タイトル通りですが、「あいつ何様だと思ってるの？」みたいな、うぬぼれている人のことを皮肉って言う時のいい表現なんてありませんか。


----------



## frequency

「あいつは天狗だ。」とは言うかな？これは、特に皮肉というよりも普通で真面目な言い方だと思う。他に何かあるかな？


----------



## karlalou

賜りもの、授かりもの、などと言うと良い意味にしか使わないと思いますし、神様とのかかわりではちょっと思いつかないですけど、「何様だと思ってるんだ」が近そうですね。

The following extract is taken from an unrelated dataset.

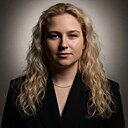 Знакомства: Дарья, 25 лет, Челябинск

状況が分からないので使えるかどうか分かりませんけど、皮肉でというと、
「あの方は、お偉いさまですから、」とか、思いきり立てるのも一案かもしれませんね。


----------



## SoLaTiDoberman

彼は自分のことを天才と思っている*お間違いさん*だ。
彼は自分に天賦の才があると思っている*お間違いさん*だ。
may be a candidate for being sarcastic.


----------



## DrChen

皆さん、ありがとうございます！！

たとえば英語の直訳に近い「彼は自分が神様の賜りものだと思い込んでる」って言ったら、通じると思いますか？


----------



## karlalou

「彼は自分が神様の賜りものだと思い込んでる」

はい。十分、通じると思います。


----------



## DrChen

Awigatow gozaimasu!!


----------



## Flaminius

「神様の贈り物」で通じますが、「神様」そのものを使ってもよいでしょう。
自分を神様だと思っている。
自分を人類に恩恵を与える神様だと思っている。


----------



## frequency

DrChen said:


> たとえば英語の直訳に近い「彼は自分が神様の賜りものだと思い込んでる」


それはきみが外国人で、外国語(英語)ではそう言うんだな、という意味ではわかってくれると思うよ。
God's gift

ただ、あくまでも自然さを求めるならば、「神に選ばれし者」とも言う。「彼は自分だけが神に選ばれし者だと思ってる。」とか言うかな。


----------



## DrChen

第二ありがとうございます


----------



## karlalou

Just in case, 賜りもの reads たまわりもの and 授かりもの reads さずかりもの.


----------